After having reviewed literally hundreds of management agreements over the years, we think it is safe to say that there is very rarely an agreement that is absolutely perfect.
In addition, there is always a risk that our definition of ‘perfect’ is not the same as another lawyer’s.
Varying a management rights agreement requires an ordinary resolution at a general meeting. Where the variation relates to the inclusion of a further option term, a secret ballot and returning officer are required.
An EGM incurs costs and will usually take at least four weeks to be called and held.
We regularly identify issues in our legal due diligence with respect to management rights agreements that we would like to see dealt with at some stage. These issues are generally regarded as minor issues that are more ‘housekeeping’ than anything else, and do not carry sufficient weight to demand the calling of an EGM before settlement to rectify.
It is easy to forget these issues exist once settlement has been effected, but they may still remain.

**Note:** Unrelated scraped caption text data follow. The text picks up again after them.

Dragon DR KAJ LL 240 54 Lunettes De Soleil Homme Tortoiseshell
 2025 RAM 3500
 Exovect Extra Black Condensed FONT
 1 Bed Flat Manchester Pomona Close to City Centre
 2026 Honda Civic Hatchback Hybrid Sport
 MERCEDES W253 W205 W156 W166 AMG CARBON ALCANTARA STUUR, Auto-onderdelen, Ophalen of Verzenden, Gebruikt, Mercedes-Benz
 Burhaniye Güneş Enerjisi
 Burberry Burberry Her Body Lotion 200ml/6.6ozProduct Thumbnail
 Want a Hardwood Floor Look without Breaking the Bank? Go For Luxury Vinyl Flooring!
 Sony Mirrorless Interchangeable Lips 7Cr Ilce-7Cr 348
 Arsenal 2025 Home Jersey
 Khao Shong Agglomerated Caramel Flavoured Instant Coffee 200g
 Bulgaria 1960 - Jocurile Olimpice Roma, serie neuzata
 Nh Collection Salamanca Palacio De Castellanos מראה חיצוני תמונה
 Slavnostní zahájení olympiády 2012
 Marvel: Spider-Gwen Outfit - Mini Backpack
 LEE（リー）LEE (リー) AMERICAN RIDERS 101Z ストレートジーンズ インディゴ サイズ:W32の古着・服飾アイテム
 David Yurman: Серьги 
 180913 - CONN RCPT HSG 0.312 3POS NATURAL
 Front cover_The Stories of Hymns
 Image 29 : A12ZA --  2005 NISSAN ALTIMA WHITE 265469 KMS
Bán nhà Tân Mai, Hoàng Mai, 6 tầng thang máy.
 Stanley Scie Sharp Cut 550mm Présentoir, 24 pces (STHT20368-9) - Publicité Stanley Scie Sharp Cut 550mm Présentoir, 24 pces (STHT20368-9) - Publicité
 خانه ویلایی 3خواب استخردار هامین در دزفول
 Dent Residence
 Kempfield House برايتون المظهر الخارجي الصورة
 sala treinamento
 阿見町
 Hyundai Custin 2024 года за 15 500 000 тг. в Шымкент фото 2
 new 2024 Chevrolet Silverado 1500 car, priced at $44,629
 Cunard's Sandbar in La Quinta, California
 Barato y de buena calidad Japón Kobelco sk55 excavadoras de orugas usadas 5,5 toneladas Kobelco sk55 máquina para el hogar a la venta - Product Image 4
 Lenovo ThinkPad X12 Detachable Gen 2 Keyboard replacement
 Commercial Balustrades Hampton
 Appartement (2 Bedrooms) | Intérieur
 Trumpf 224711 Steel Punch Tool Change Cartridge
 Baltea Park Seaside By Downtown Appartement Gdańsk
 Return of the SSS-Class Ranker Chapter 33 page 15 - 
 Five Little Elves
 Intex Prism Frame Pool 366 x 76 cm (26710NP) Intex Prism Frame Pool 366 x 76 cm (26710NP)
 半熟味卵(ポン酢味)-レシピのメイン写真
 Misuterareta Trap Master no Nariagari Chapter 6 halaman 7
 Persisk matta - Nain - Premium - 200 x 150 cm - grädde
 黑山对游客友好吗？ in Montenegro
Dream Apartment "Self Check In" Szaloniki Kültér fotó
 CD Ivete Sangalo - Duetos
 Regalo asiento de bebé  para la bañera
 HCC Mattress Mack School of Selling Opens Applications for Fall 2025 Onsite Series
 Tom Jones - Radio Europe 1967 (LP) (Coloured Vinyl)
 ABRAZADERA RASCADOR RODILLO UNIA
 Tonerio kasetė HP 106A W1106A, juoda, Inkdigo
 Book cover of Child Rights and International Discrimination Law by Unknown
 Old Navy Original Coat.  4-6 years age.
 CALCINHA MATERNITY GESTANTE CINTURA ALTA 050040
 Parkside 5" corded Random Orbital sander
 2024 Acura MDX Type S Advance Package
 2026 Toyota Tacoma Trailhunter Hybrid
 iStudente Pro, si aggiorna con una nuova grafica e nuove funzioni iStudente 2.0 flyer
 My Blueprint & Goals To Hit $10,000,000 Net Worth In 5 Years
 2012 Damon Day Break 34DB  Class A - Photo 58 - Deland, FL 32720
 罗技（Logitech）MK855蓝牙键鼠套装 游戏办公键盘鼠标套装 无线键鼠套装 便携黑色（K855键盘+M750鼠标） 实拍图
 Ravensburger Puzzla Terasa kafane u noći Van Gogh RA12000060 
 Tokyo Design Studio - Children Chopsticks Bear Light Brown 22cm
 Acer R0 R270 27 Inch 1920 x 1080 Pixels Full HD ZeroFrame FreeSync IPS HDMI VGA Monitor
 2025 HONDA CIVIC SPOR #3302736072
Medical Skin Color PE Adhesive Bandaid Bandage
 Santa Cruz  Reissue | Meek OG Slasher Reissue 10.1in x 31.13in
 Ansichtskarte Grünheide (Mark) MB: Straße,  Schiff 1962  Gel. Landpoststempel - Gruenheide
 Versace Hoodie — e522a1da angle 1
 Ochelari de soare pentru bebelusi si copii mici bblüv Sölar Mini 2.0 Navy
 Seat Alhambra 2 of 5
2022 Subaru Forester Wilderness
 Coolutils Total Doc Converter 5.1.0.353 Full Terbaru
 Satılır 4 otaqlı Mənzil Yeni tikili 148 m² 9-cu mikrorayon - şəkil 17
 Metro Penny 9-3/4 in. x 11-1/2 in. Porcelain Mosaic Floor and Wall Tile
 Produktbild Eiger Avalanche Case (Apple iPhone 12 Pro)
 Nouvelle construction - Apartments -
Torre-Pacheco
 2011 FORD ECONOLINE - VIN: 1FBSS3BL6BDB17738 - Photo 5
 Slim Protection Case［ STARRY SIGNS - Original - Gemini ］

A body corporate is required to have an AGM every year. Approximately four months before the AGM the body corporate is required by law to send a notice to all owners inviting nominations for committee, and more relevantly for this article, motions that owners want to have submitted to the AGM.
This is your chance to submit your motion to vary the minor aspects of the agreement. Leaving aside the management of the committee and any lobbying you may wish to engage in, once a motion has been submitted it must be included on the agenda for the meeting. The body corporate cannot refuse it.
This means that you can get a motion on an agenda, with the consideration at a general meeting coming at no cost to you, to tidy up any issues.
Naturally, it is critical that the form and substance of the motion (including any deed of variation) should be correct. There is nothing worse than having a motion on an agenda, which would have been successful, being ruled out of order for some technical compliance issue.